## DATA BLOCK
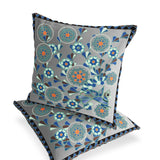 Set of Two 16" X 16" Gray and Orange Peacock Blown Seam Floral Indoor Outdoor Throw Pillow
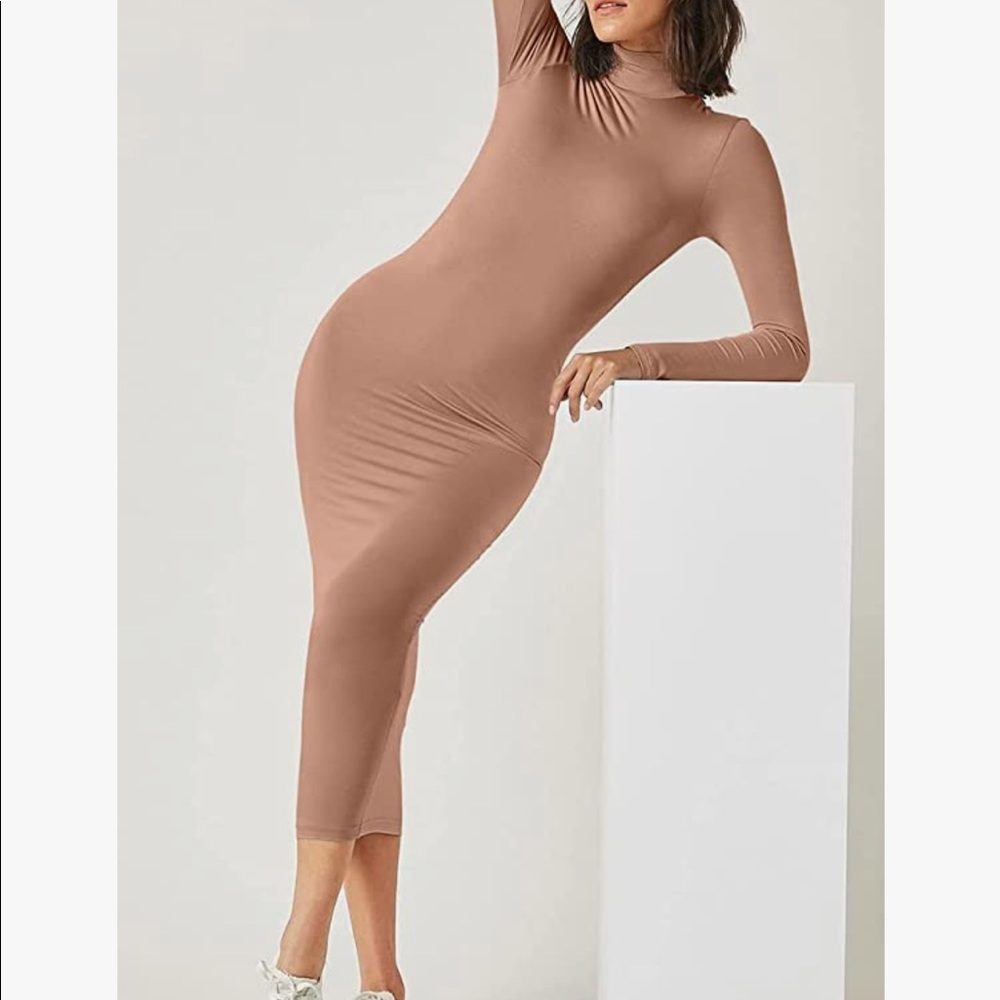 Long sleeve, midi, beige bodycon dress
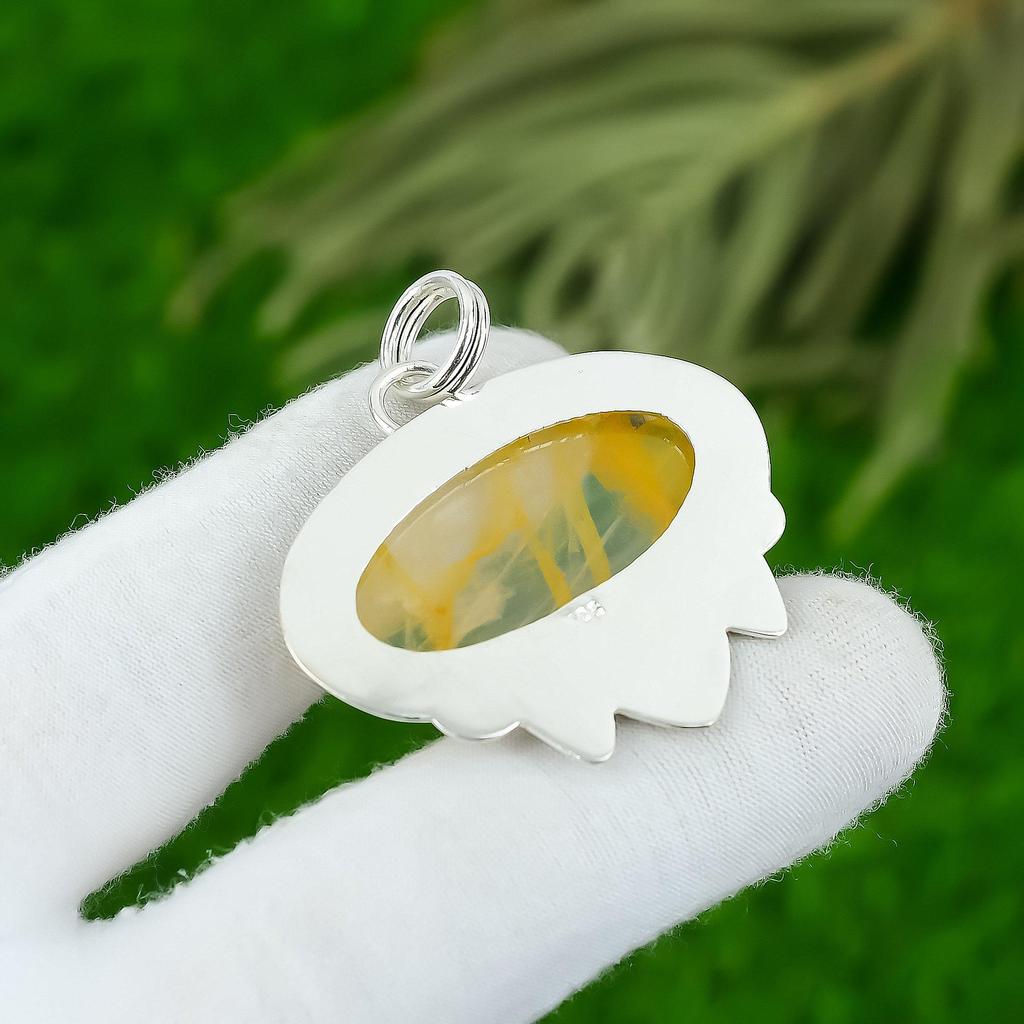 Natural Golden Rutile Gemstone Pendant 925 Sterling Silver Jewelry For Girls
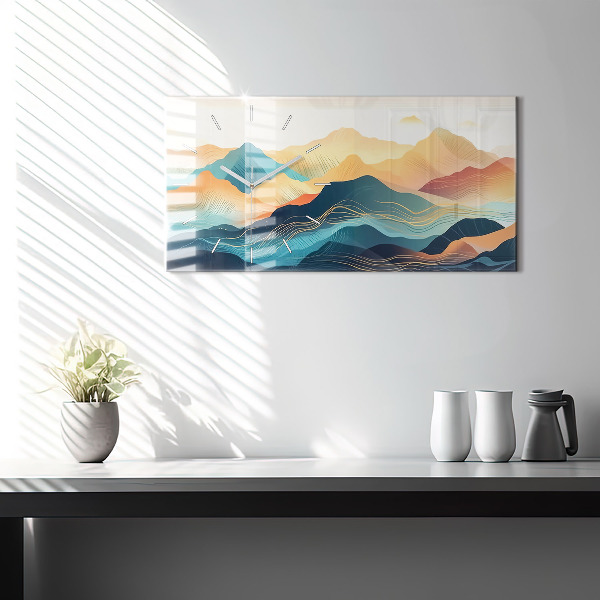 Horizontální skleněné hodiny na stěnu Horská krajina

## YOUR GOAL
Your task is to repeat the material above exactly, without its pictures.

## RESULT
 Set of Two 16" X 16" Gray and Orange Peacock Blown Seam Floral Indoor Outdoor Throw Pillow
 Long sleeve, midi, beige bodycon dress
 Natural Golden Rutile Gemstone Pendant 925 Sterling Silver Jewelry For Girls
 Horizontální skleněné hodiny na stěnu Horská krajina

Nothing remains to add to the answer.